* Task details
Everything from the first line of the data through the line with "Customer photo review" is to be echoed exactly, minus the pictures.

* Exercise data
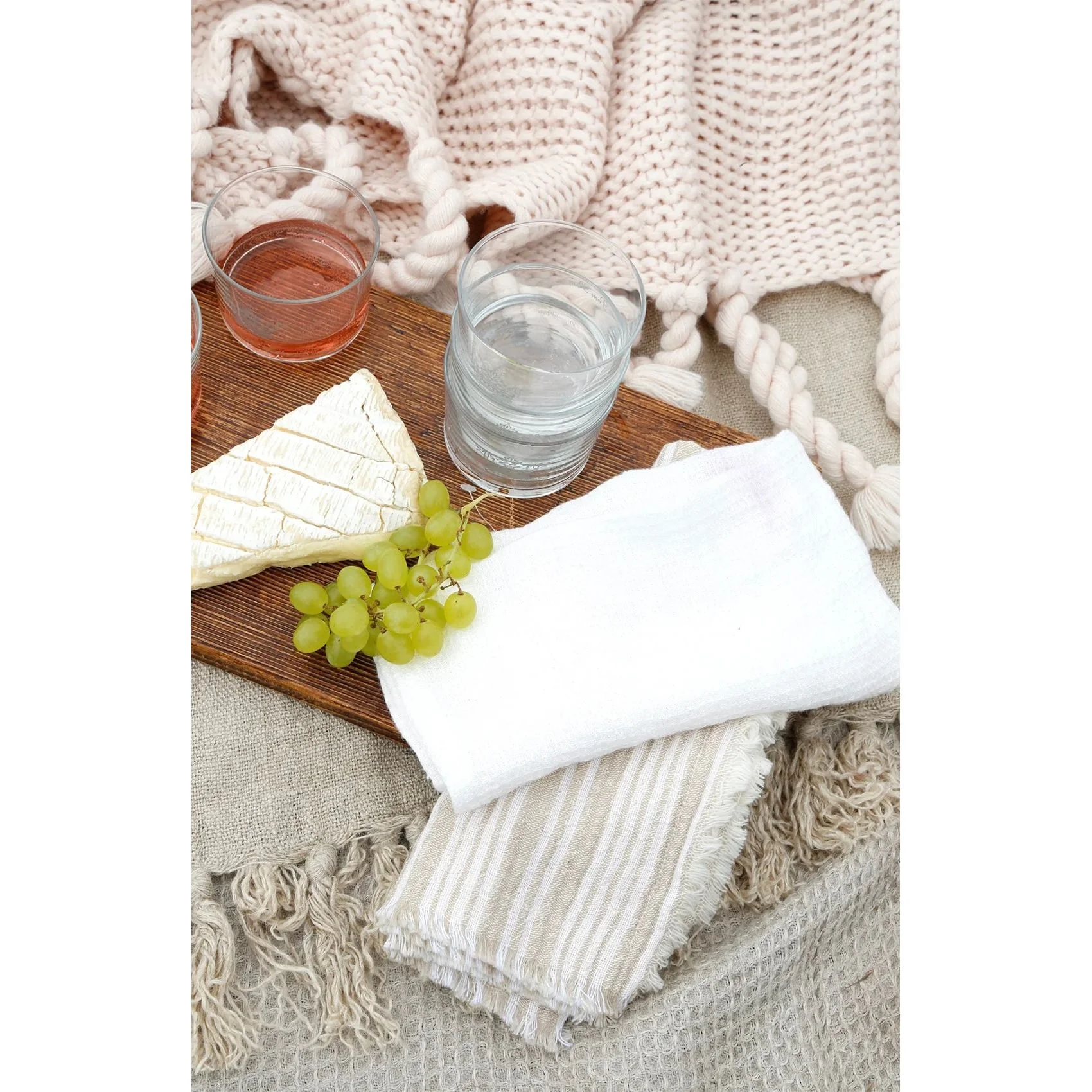 Pom Pom at Home Yountville Set of 4 Striped Napkins ~ Available in 5 Colors - Image 3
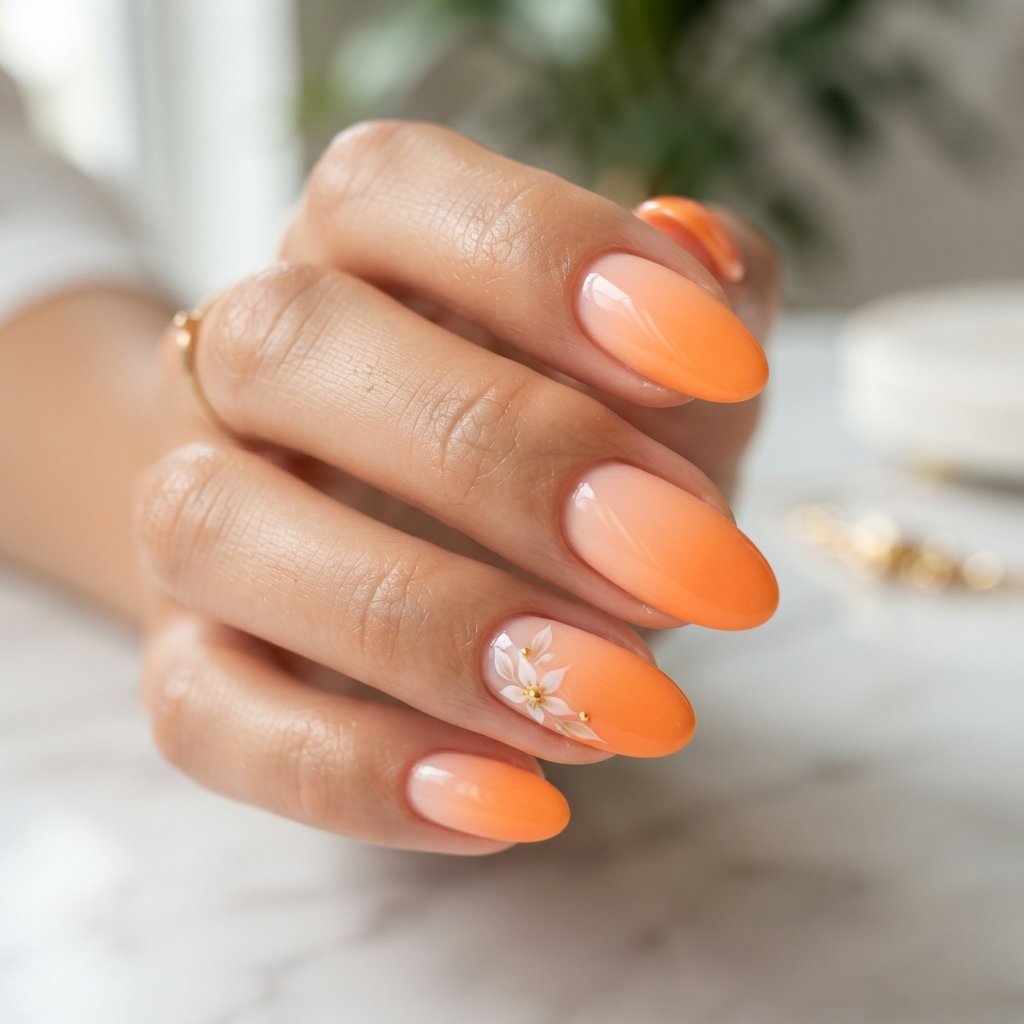  Soft Peach and Orange Mix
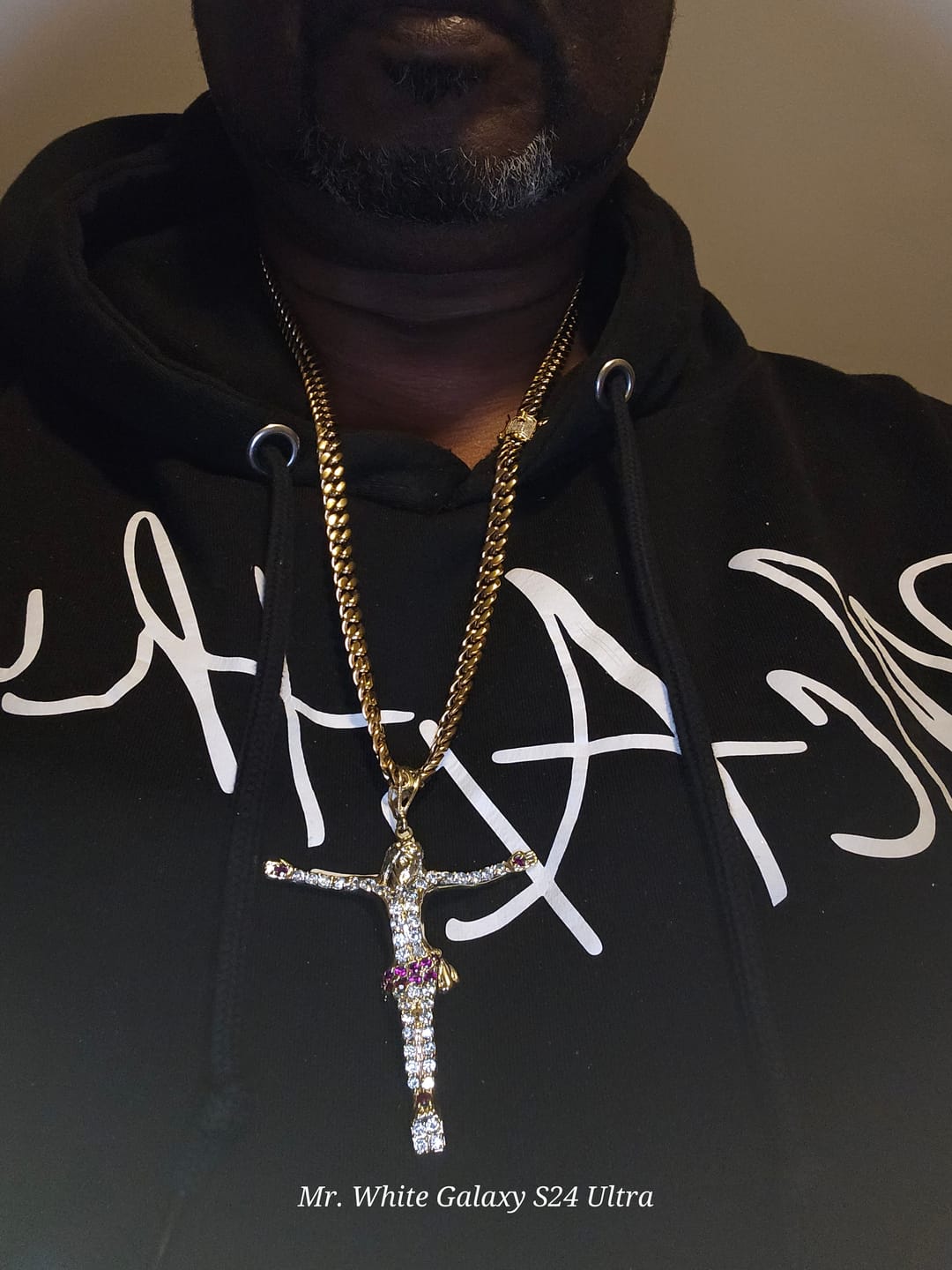 Customer photo review of Iced Clasp Miami Cuban Link Chain
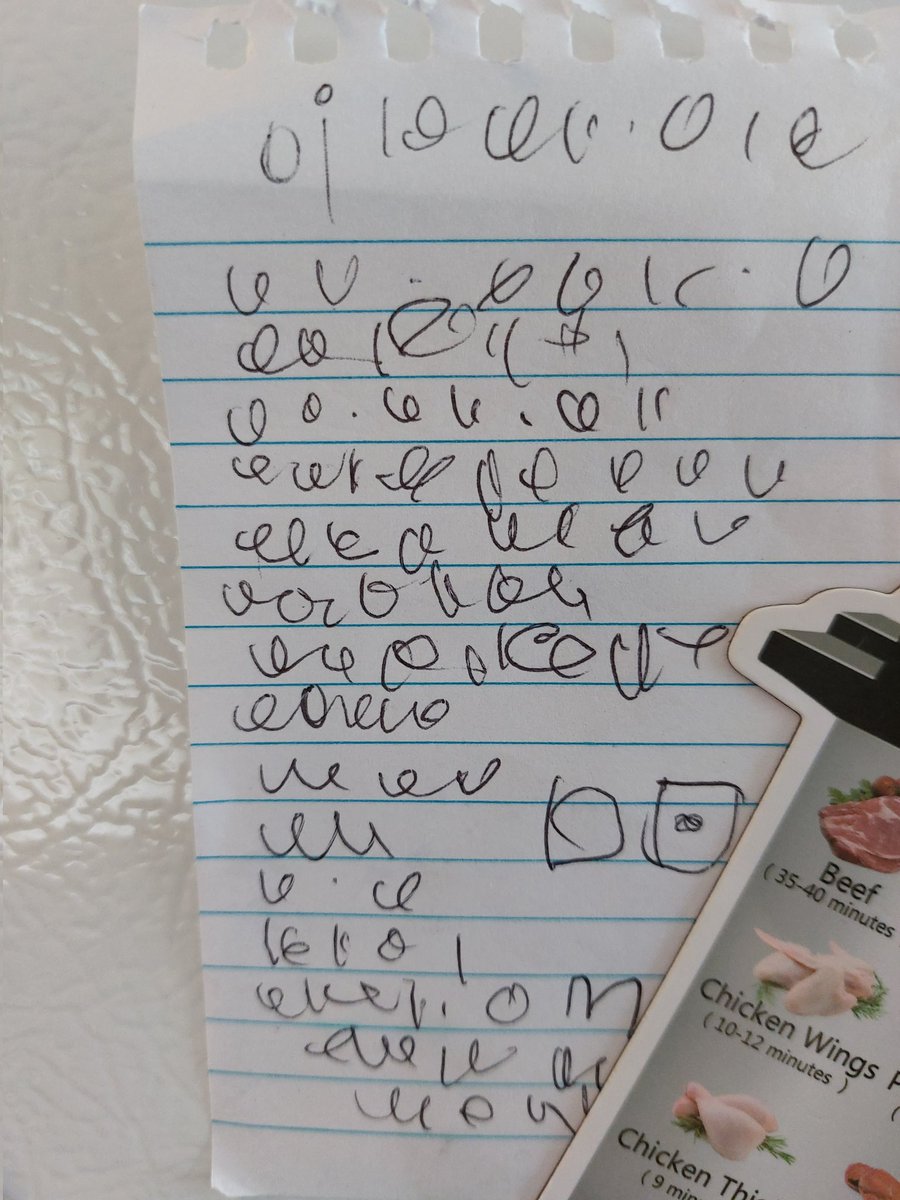 nannabo78's tweet photo. I found a note from #Lillee #PrincessPi #TeamToddsterJr #GrandMinion1 in my notepad. Definitely keeping it 🥰💜🎶 https://t.co/vko1VCGvgq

* Response to this exercise
 Pom Pom at Home Yountville Set of 4 Striped Napkins ~ Available in 5 Colors - Image 3
  Soft Peach and Orange Mix
 Customer photo review of Iced Clasp Miami Cuban Link Chain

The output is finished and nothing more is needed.